Start of RECORDS FOR THIS EXERCISE

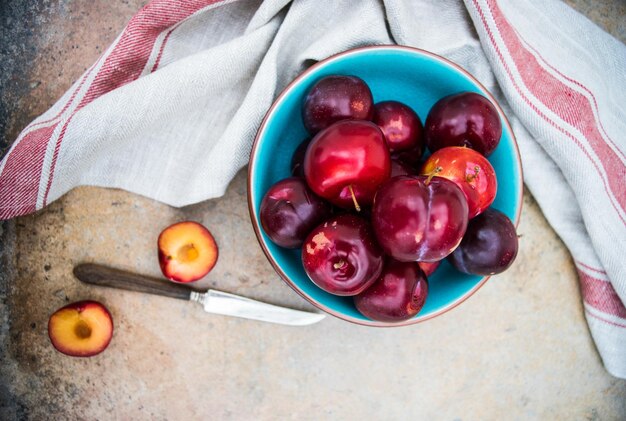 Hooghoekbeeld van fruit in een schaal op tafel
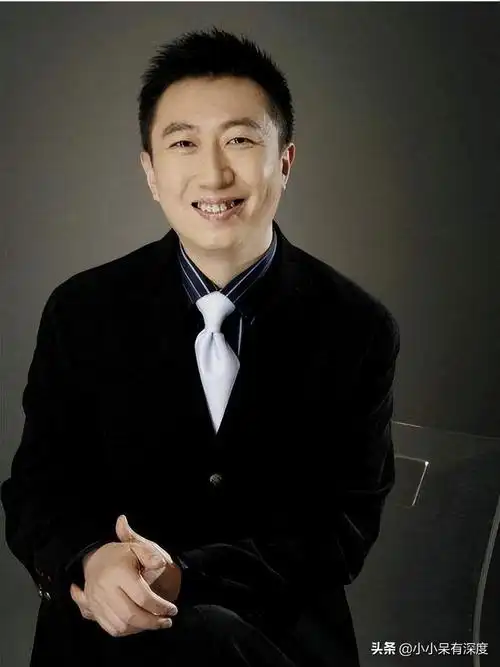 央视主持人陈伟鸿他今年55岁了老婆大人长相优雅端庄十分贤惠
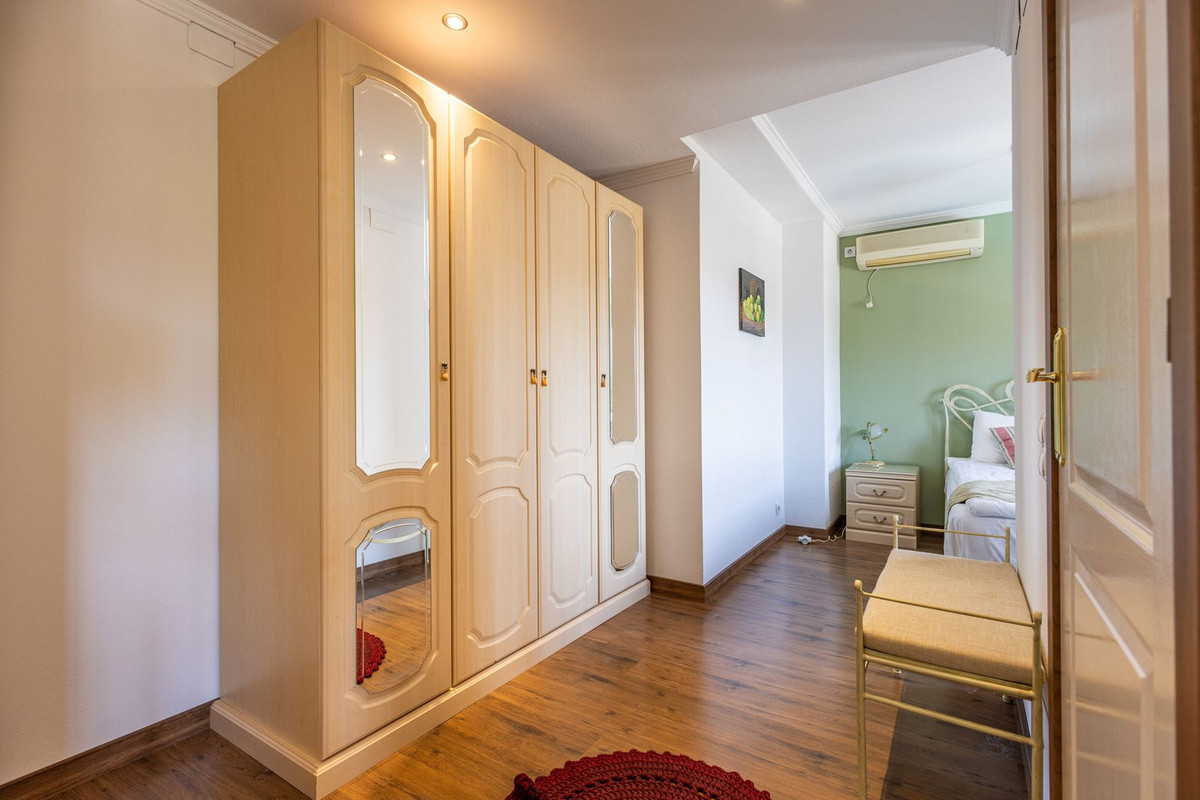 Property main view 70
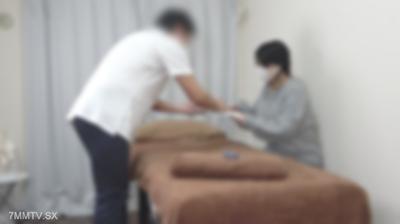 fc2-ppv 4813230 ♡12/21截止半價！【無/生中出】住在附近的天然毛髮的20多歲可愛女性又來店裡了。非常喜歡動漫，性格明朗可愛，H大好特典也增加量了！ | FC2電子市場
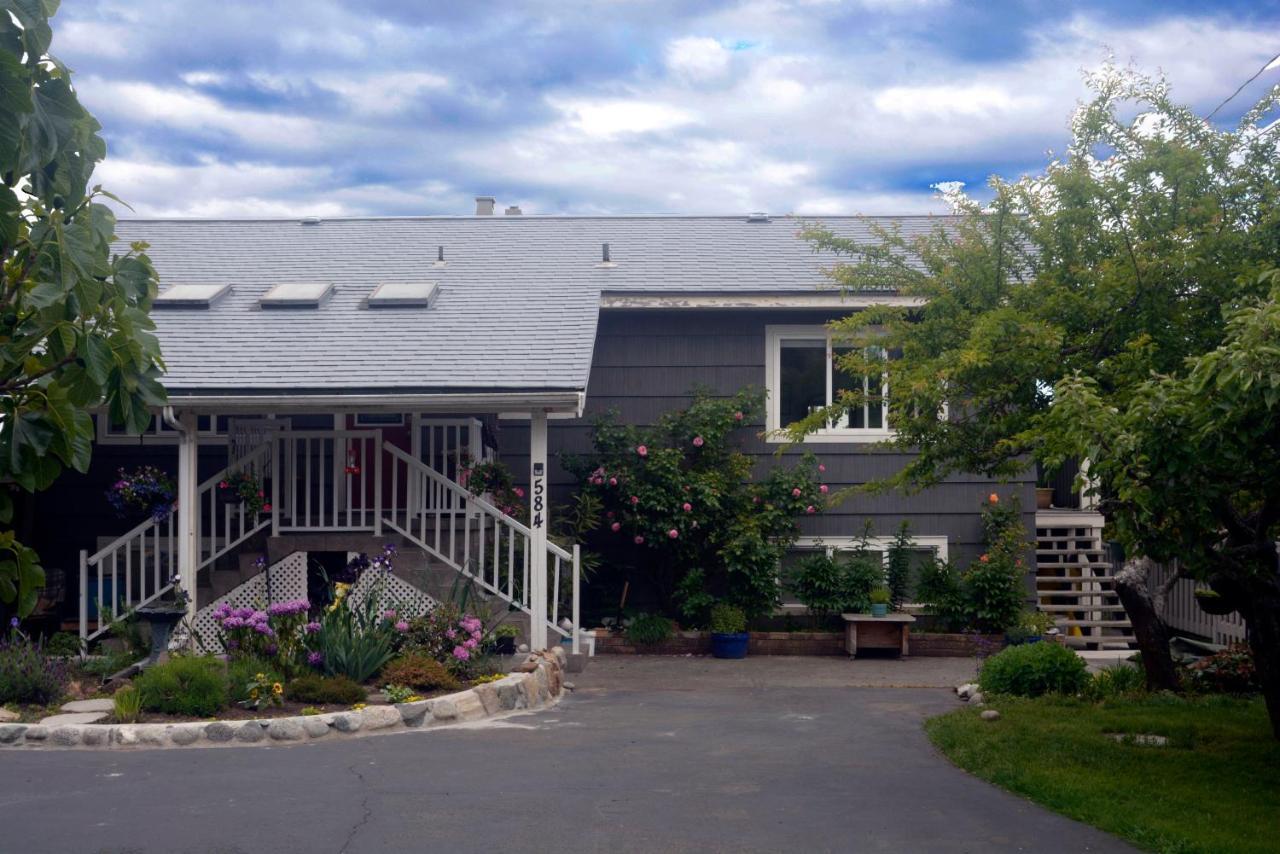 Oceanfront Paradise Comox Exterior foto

End of RECORDS FOR THIS EXERCISE

▶ WHAT TO WORK ON
Leaving out the images, return the entries above exactly as they read.

▶ EXERCISE RESULT
 Hooghoekbeeld van fruit in een schaal op tafel
 央视主持人陈伟鸿他今年55岁了老婆大人长相优雅端庄十分贤惠
 Property main view 70
 fc2-ppv 4813230 ♡12/21截止半價！【無/生中出】住在附近的天然毛髮的20多歲可愛女性又來店裡了。非常喜歡動漫，性格明朗可愛，H大好特典也增加量了！ | FC2電子市場
 Oceanfront Paradise Comox Exterior foto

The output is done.